6 character password must contain 3 digits, 2 letters and 1 special character
Assuming their are 7 special characters, REPETITION IS NOT ALLOWED, The password is NOT Case sensitive, how many ORDERED arrangements are there?
Is my Solution Correct?:
10c3 . 26c2 . 7c1 . 6! = 196 560 000 combinations
or Should it be 10p3 . 26p2 . 7p1 = 3276000 combinations? since you use perms to find the ordered arrangements.

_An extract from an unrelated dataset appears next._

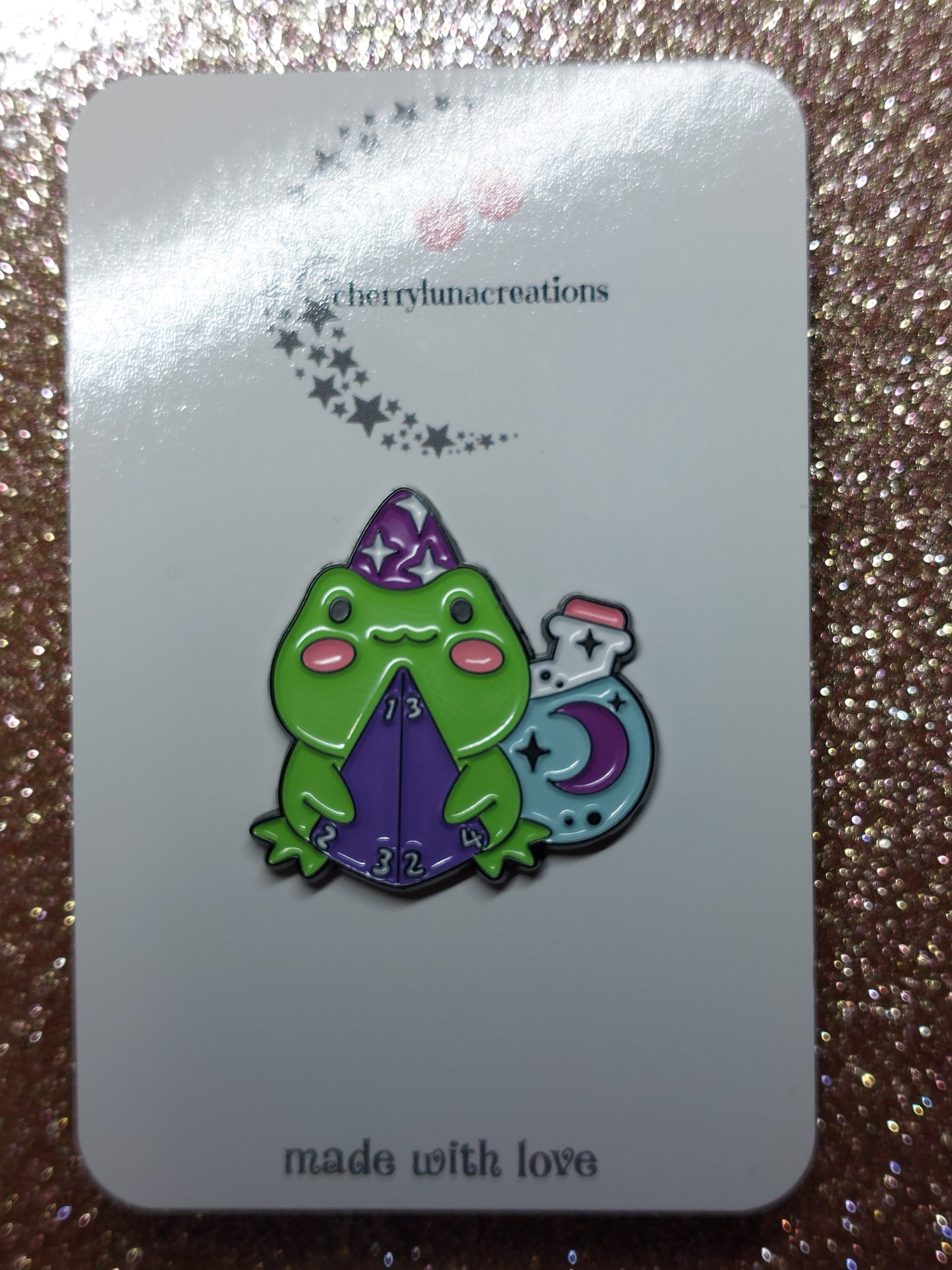 Frog Dice Badge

As scoopfaze indicated in the comments, your first approach is correct. Your second approach is the answer to a different question:
We can fill the first three slots with three distinct decimal digits in $P(10, 3) = 10 \cdot 9 \cdot 8$ ways, the next two slots with distinct lowercase letters in $P(26, 2) = 26 \cdot 25$ ways, and the final slot with one the seven special characters in $P(7, 1) = 7$ ways. Therefore, the number of passwords with three distinct decimal digits, two distinct lowercase letters, and one of seven special characters that appear in that order is $$P(10, 3)P(26, 2)P(7, 1) = 10 \cdot 9 \cdot 8 \cdot 26 \cdot 25 \cdot 7$$ Notice that we could also write the answer to this question in the following way: $$\binom{10}{3}3!\binom{26}{2}2!\binom{7}{1}1!$$ Here is the rationale: Choose three distinct decimal digits, arrange them in the first three positions, choose two distinct lowercase letters, arrange them in the next two positions, choose one of the seven special characters, arrange it in the final position.
Notice that we are only allowing the digits to appear in the first three positions, the letters to appear in the next two positions, and the special character to appear in the last position. This is different from the question you wish to answer, where the digits, letters, and special characters may appear in any of the positions.
We can choose three distinct decimal digits, two distinct letters, and one special character, then arrange the six selected objects in $$\binom{10}{3}\binom{26}{2}\binom{7}{1}6!$$ ways.